Assigned task
Below is a set of records; reproduce them exactly without their pictures.

★ ★ ★ ★ ★

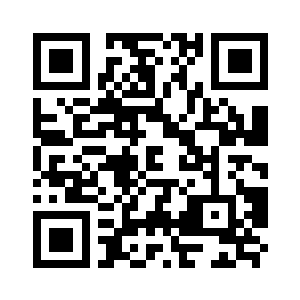 但是却比没有经历过道劫的道尊二维码生成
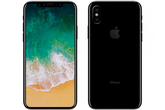 Vén màn bí mật về iPhone 8 Vén màn bí mật về iPhone 8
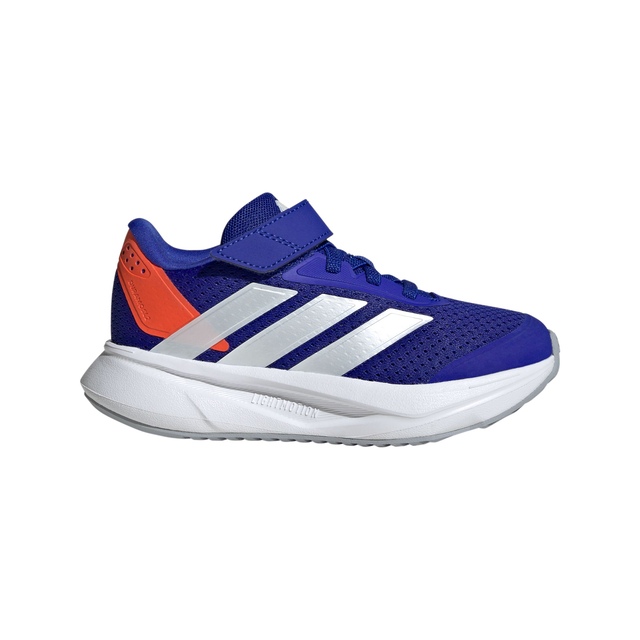adidas Kids' Duramo SL Running Shoes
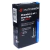 Camara Bici Ruta Hutchinson Air Light 700x20-25c Presta 60mm - comprar online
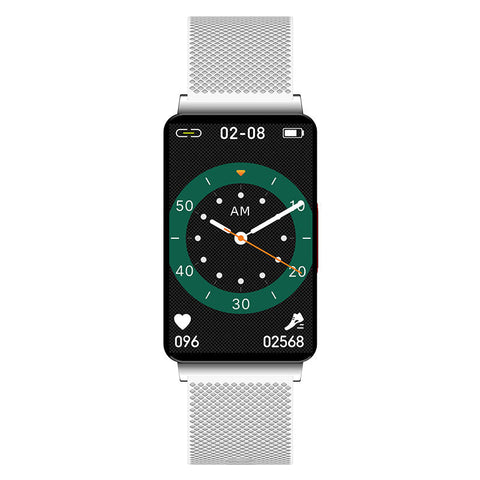 apple smart watches for men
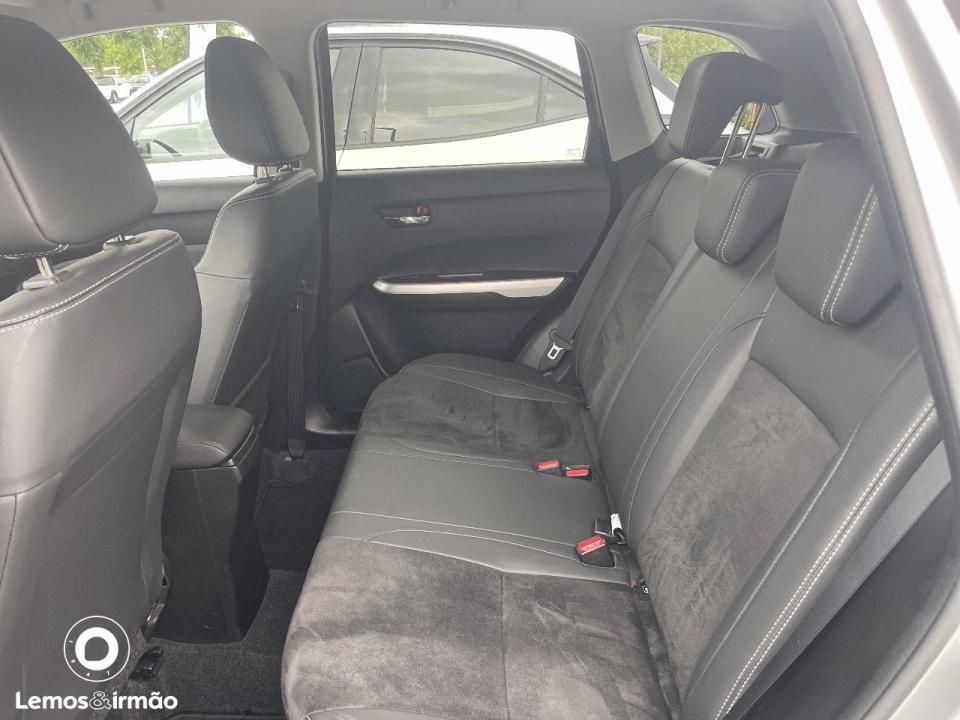 suzuki-vitara-2018-gasolina-1373cc
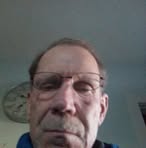 Profile Picture of Charles Stewart (@Charles-Stewart) on Facebook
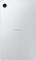 Samsung Galaxy Tab A11 X130, silber, 4GB RAM, 64GB Vorschaubild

★ ★ ★ ★ ★

Result of this task
 但是却比没有经历过道劫的道尊二维码生成
 Vén màn bí mật về iPhone 8 Vén màn bí mật về iPhone 8
adidas Kids' Duramo SL Running Shoes
 Camara Bici Ruta Hutchinson Air Light 700x20-25c Presta 60mm - comprar online
 apple smart watches for men
 suzuki-vitara-2018-gasolina-1373cc
 Profile Picture of Charles Stewart (@Charles-Stewart) on Facebook
 Samsung Galaxy Tab A11 X130, silber, 4GB RAM, 64GB Vorschaubild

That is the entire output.